• Work request:
Within the records that follow, restate exactly the lines from the line with "军歌奏响  共筑强国梦(图2)" down to the line with "Grand Urban Hostel", including both. Omit the pictures.

• Data shown:

○ ○ ○ ○ ○ ○ ○

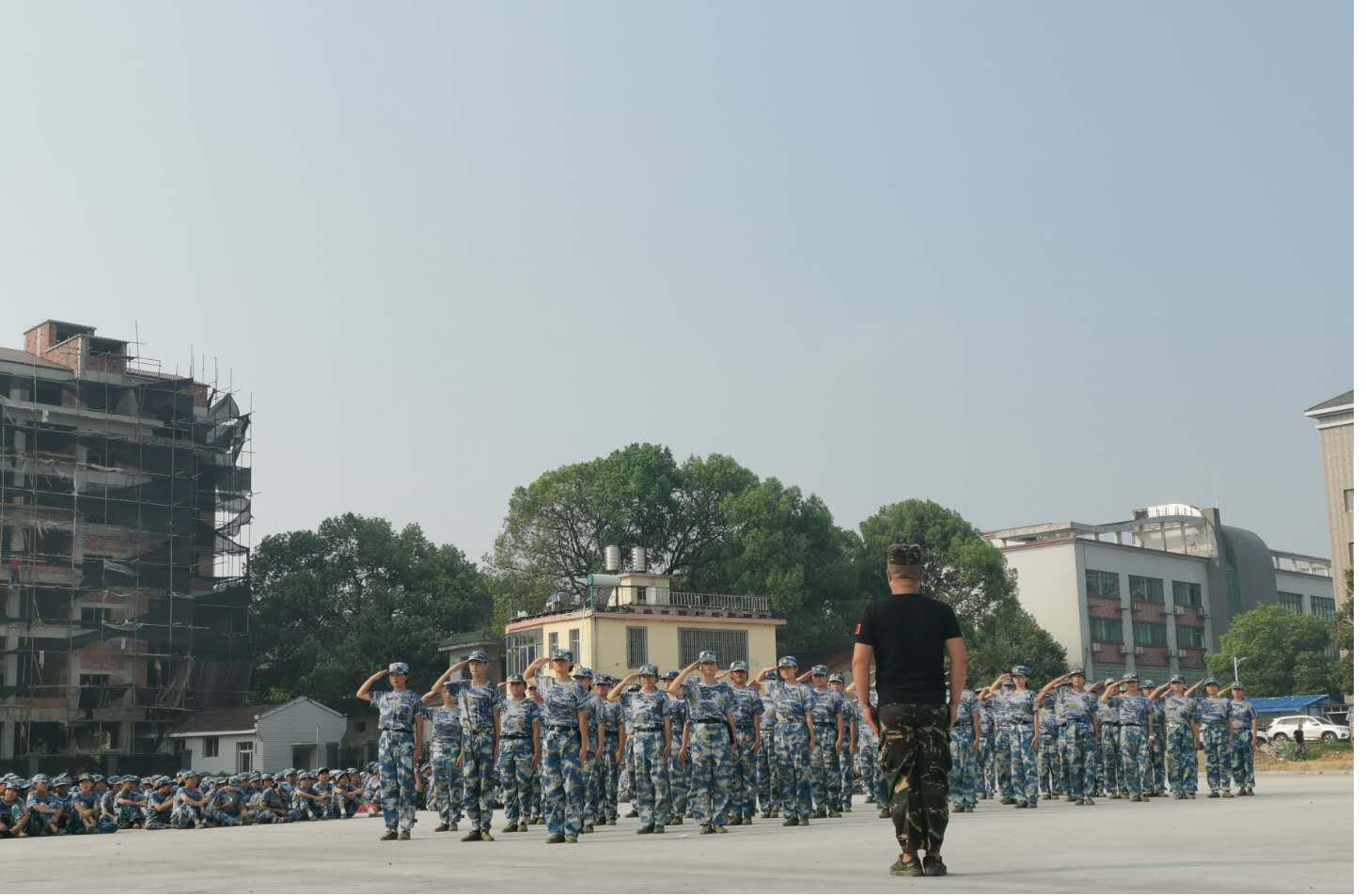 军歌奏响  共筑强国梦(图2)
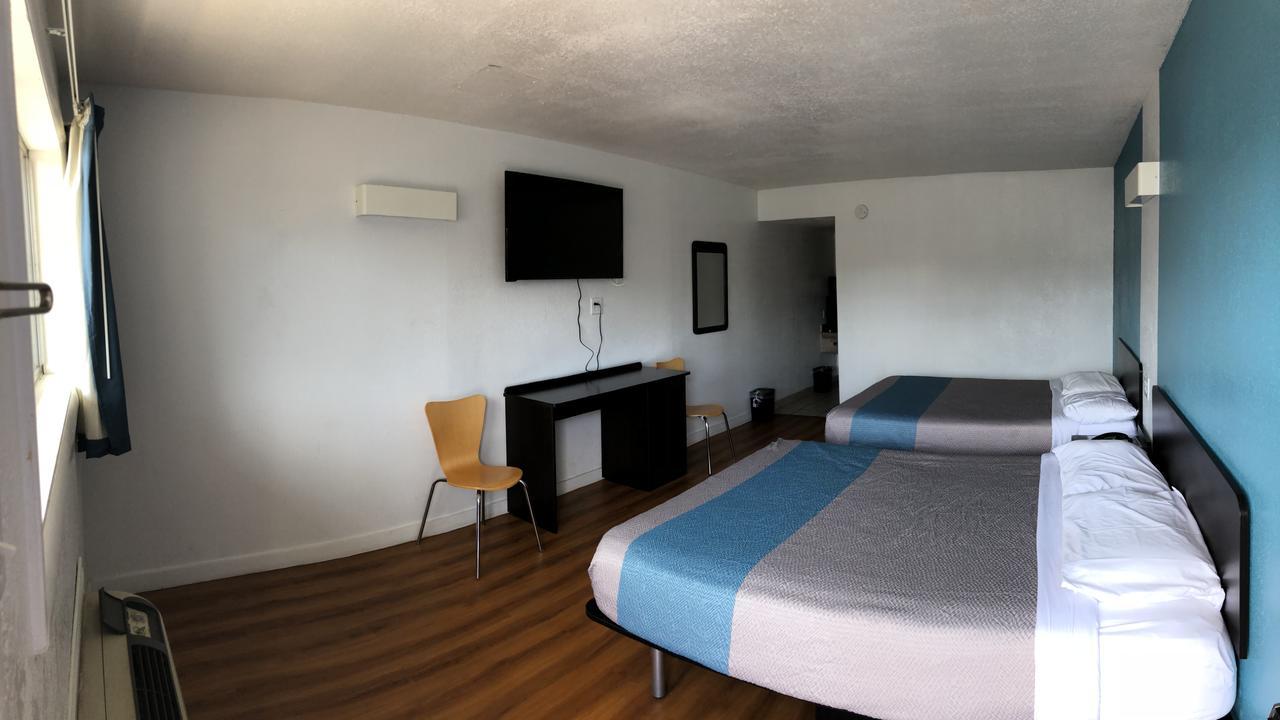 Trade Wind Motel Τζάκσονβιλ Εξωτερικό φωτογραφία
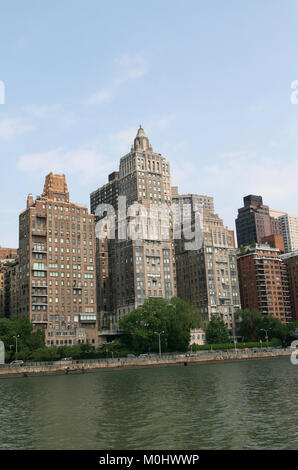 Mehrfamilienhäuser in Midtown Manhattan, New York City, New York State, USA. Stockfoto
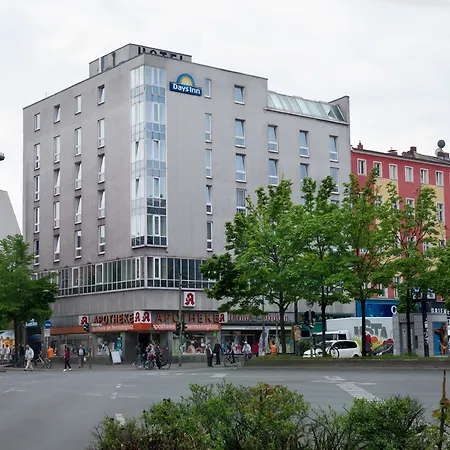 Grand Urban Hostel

○ ○ ○ ○ ○ ○ ○

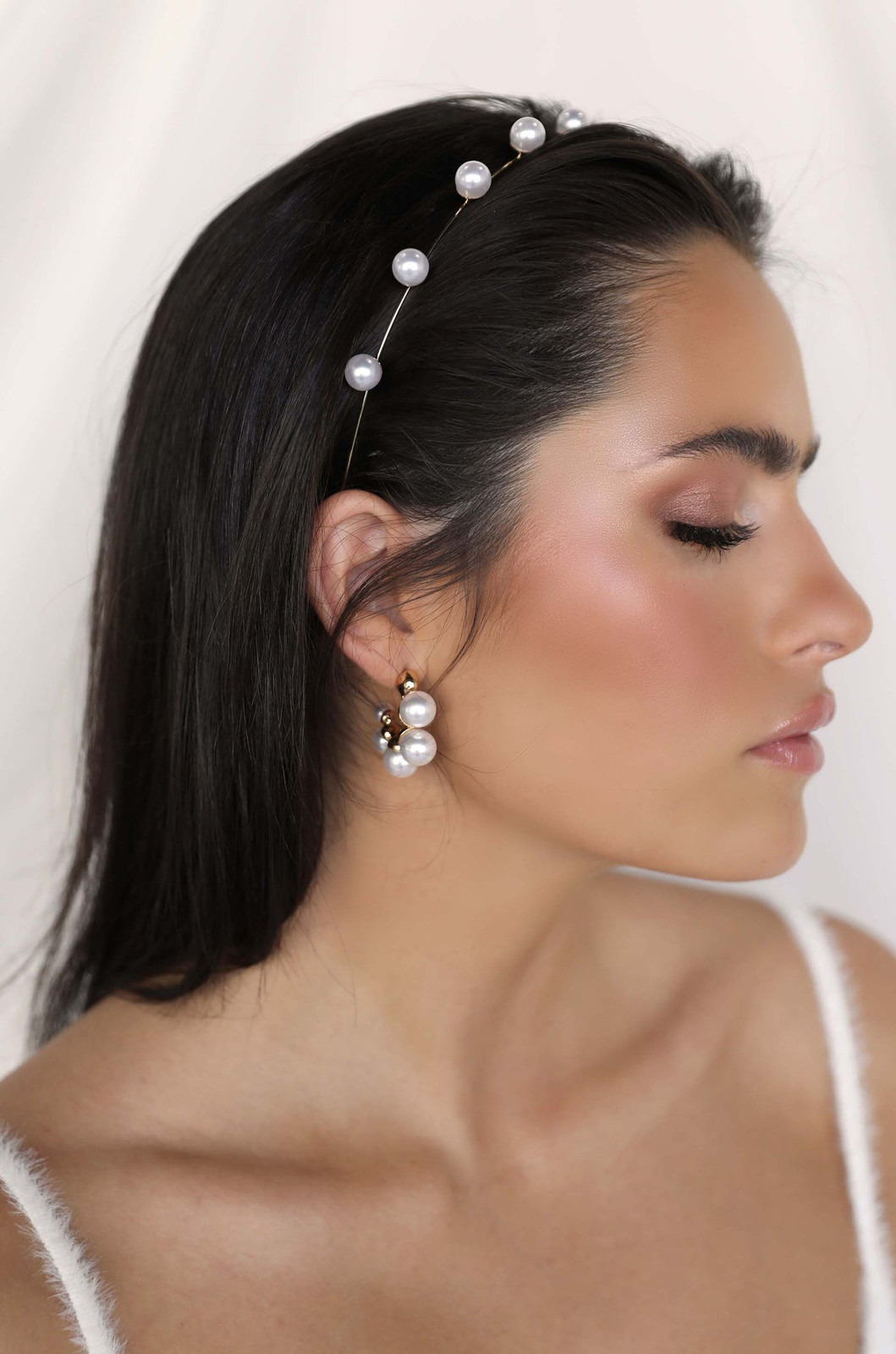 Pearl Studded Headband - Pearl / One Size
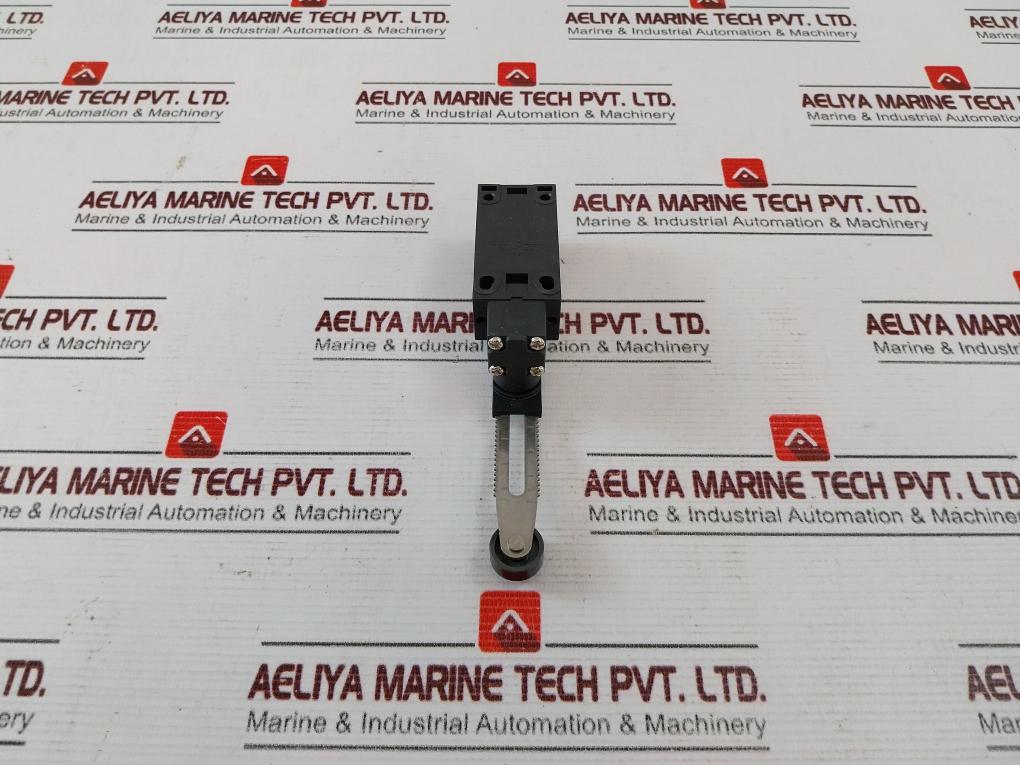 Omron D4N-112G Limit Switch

○ ○ ○ ○ ○ ○ ○

• Task output:
 军歌奏响  共筑强国梦(图2)
 Trade Wind Motel Τζάκσονβιλ Εξωτερικό φωτογραφία
 Mehrfamilienhäuser in Midtown Manhattan, New York City, New York State, USA. Stockfoto
 Grand Urban Hostel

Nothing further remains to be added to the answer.